Many of us begin with the first choice, myself included. I don’t quite remember the exact thoughts in the beginning because I was four. I have some memories from my start but they are just that, memories that could be factual or reproductions I have fabricated later in life from looking at photos. Who knows, and really, it isn’t important. I do know that it came quickly, it came easily, I was drawn to music and it made everything a little less empty. It didn’t require much work to play the pieces I was given in a way that the audiences or my teachers would deem good. So, as a young student I thought very simply about the violin. I am asked to play this piece. Okay, I will listen to it and soon I will know how to play it. Done. Next. Move on. Repeat. But the unfortunate byproduct was that I still fell victim to the natural fear and instincts within:
1. This is like juggling-jumping-spinning-and-brushing-your-teeth at the same time.

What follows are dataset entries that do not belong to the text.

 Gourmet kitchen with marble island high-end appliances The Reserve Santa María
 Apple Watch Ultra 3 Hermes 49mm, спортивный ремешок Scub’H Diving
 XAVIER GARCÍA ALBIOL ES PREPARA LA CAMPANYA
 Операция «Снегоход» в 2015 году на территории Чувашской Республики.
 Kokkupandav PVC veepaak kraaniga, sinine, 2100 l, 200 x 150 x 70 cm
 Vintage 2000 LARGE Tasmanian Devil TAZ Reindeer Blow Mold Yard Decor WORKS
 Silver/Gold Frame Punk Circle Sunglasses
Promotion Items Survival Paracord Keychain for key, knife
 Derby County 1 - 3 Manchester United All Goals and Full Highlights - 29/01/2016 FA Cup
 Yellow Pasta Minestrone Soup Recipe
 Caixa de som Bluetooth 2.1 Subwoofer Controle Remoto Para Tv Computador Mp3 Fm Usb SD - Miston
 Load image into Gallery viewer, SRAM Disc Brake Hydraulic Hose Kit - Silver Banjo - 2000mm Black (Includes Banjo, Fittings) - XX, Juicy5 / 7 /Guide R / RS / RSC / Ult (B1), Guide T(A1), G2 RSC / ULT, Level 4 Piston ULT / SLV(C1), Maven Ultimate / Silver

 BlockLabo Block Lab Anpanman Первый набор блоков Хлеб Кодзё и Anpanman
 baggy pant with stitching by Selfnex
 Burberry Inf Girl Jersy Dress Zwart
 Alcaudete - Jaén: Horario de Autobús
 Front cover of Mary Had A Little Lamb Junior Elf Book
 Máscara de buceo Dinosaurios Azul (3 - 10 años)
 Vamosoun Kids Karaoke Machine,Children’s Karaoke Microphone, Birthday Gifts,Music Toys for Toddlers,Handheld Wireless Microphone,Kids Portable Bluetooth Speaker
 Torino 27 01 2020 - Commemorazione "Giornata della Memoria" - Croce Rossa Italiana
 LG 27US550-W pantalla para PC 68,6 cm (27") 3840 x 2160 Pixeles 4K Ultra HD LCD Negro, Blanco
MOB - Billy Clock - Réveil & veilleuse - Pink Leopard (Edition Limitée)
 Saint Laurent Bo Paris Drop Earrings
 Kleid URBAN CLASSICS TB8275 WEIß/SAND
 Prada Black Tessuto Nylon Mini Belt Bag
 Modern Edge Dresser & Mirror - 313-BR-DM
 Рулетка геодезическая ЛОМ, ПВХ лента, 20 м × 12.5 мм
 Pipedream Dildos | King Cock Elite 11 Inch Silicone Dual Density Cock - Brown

2. This instrument is expensive so don’t break it.
3. Definitely do not drop it, be careful, hold on!
4. What size tuxedo will you need for your first performance?
5. Oh yeah, relax! Are you listening? I said relax!
Not only this, but as a 4 year old, my only education had been in the school of holding stuff. I felt like I knew quite a bit:
1. Hold mom’s hand when crossing the street.
2. Hold fingers that are extended to me.
3. Hold onto things and put them in my mouth to examine.
4. Hold a fork to eat because I’m four, time to be sophisticated, no more shoveling food with dirty fingers (still struggling).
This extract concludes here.